◆ Work item ◆
Begin the copy at the line containing "#kirtikasaudhan #kiirtisomeshwari #morningpainting" in the data below and end it at the line containing "MI-2126B Bubbles White Boucle Sectional", keeping each line exact and leaving out pictures.
::: Provided material :::
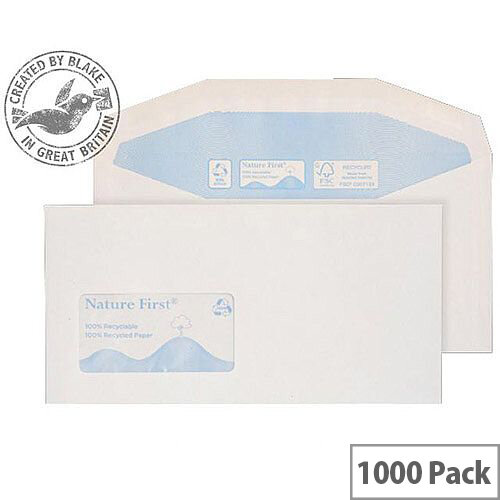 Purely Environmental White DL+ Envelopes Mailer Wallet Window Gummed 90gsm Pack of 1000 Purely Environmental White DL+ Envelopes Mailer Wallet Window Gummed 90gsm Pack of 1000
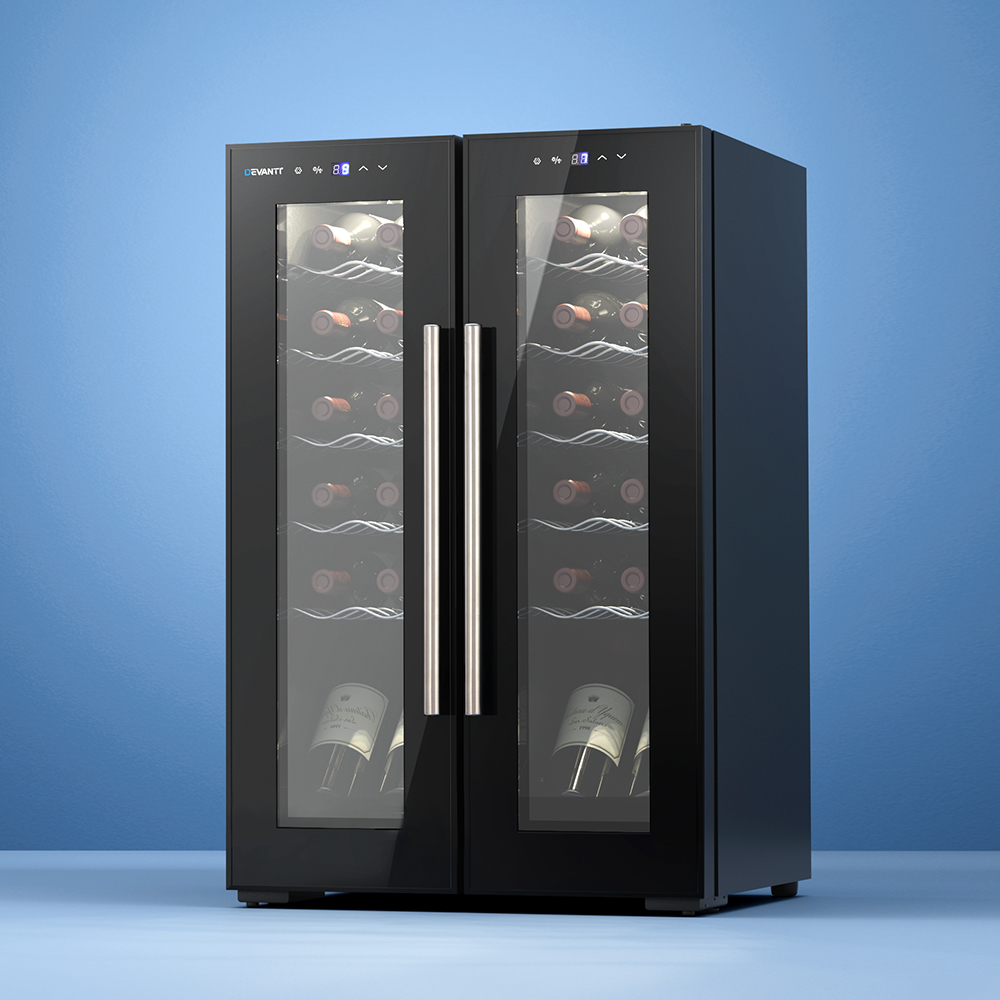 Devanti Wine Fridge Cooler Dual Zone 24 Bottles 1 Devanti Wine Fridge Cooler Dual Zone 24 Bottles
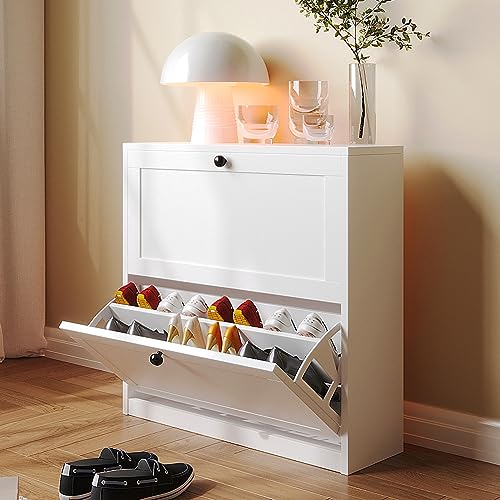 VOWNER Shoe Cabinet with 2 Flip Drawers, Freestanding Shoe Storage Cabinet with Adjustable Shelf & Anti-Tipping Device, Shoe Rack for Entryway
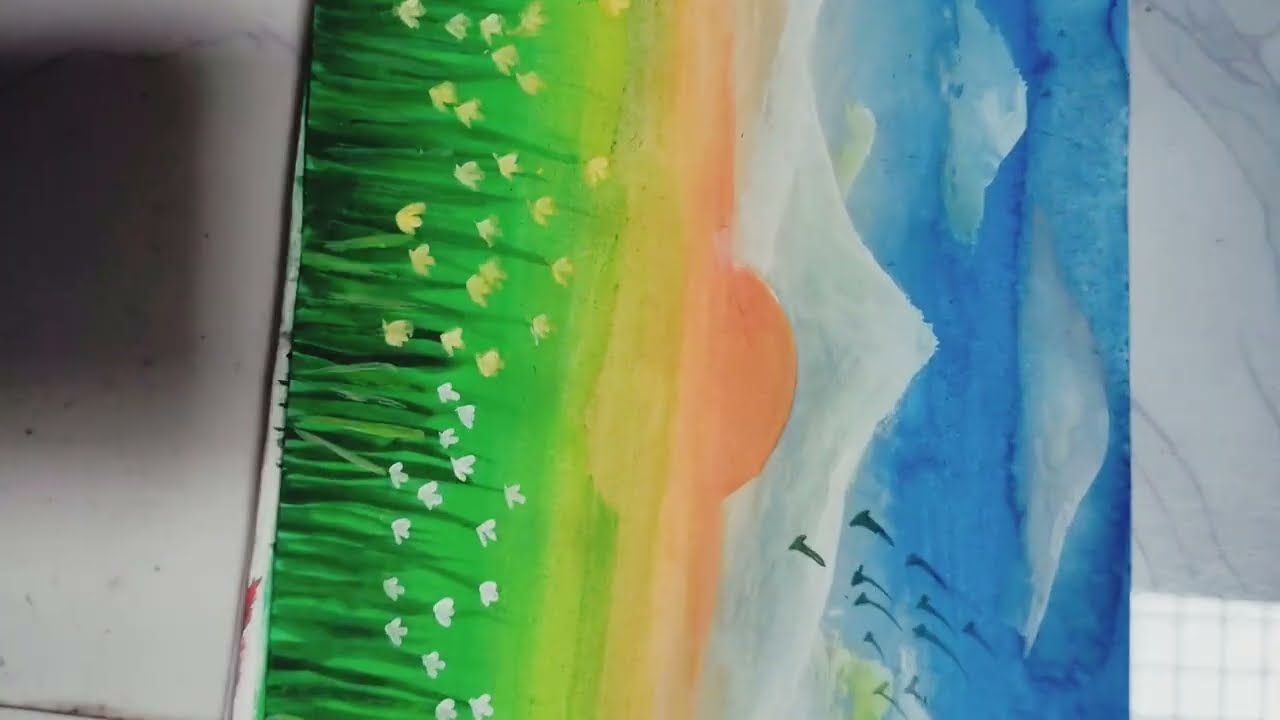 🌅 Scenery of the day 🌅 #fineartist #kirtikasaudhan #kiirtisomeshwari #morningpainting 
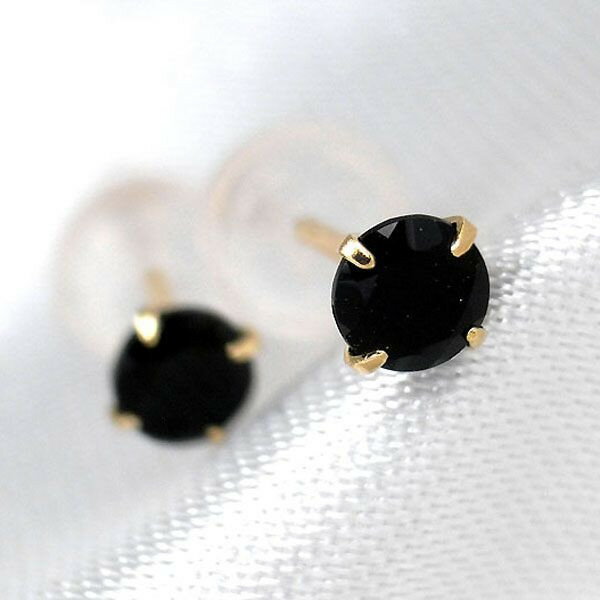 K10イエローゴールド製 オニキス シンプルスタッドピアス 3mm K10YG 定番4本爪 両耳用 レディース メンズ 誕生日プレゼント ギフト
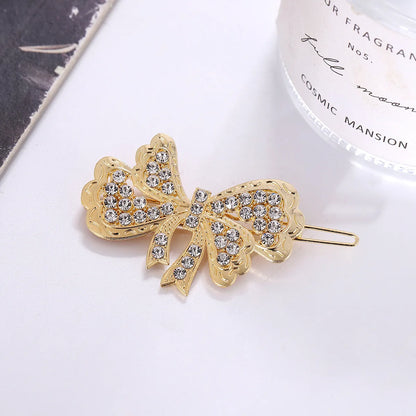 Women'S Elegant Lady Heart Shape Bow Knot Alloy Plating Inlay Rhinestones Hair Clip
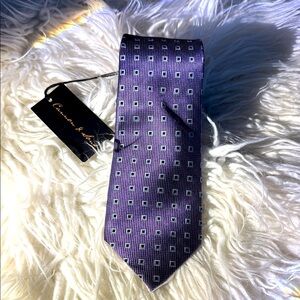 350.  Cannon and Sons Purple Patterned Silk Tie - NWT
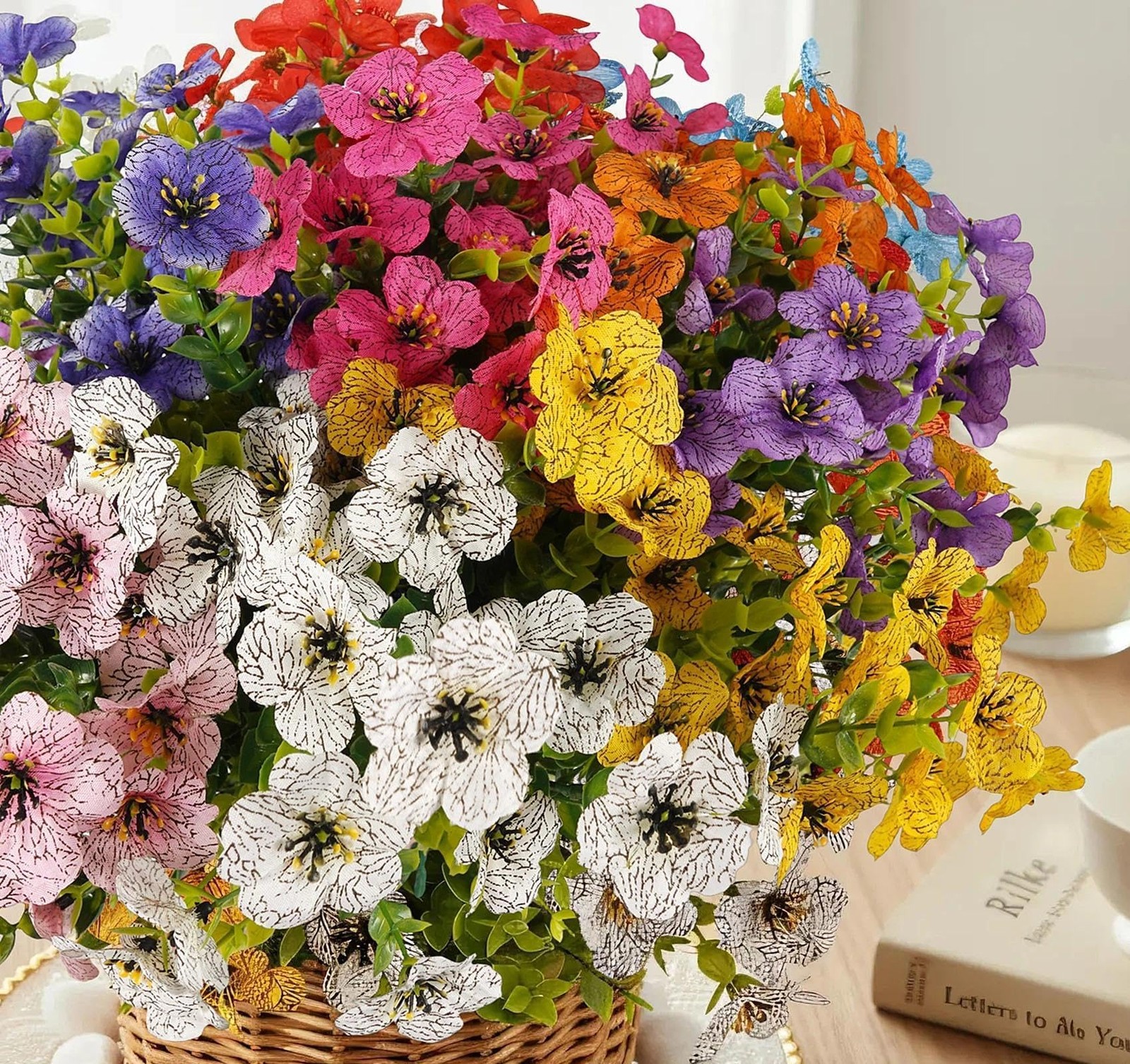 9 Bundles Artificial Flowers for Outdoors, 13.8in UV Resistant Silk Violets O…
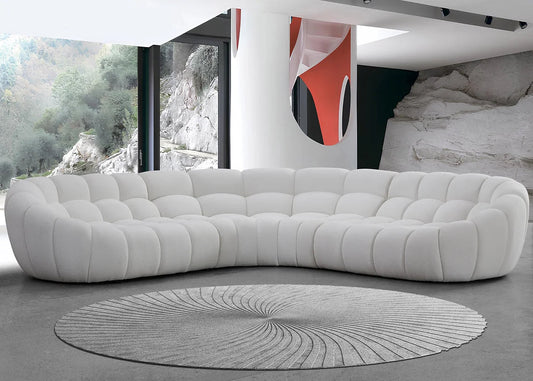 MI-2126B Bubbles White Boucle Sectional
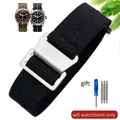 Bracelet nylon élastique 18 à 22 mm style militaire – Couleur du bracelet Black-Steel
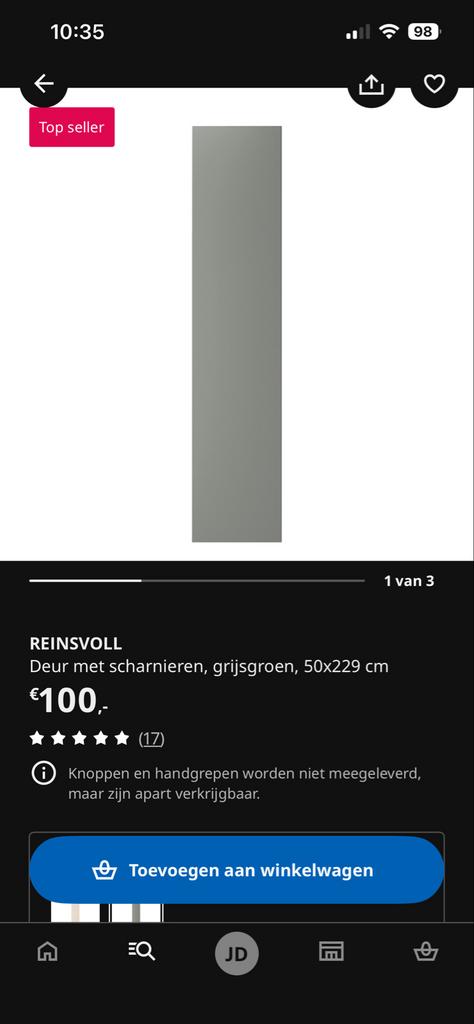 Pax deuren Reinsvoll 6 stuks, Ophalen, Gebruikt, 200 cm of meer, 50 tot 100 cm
:::
◆ Finished exercise ◆
 🌅 Scenery of the day 🌅 #fineartist #kirtikasaudhan #kiirtisomeshwari #morningpainting 
 K10イエローゴールド製 オニキス シンプルスタッドピアス 3mm K10YG 定番4本爪 両耳用 レディース メンズ 誕生日プレゼント ギフト
 Women'S Elegant Lady Heart Shape Bow Knot Alloy Plating Inlay Rhinestones Hair Clip
 350.  Cannon and Sons Purple Patterned Silk Tie - NWT
 9 Bundles Artificial Flowers for Outdoors, 13.8in UV Resistant Silk Violets O…
 MI-2126B Bubbles White Boucle Sectional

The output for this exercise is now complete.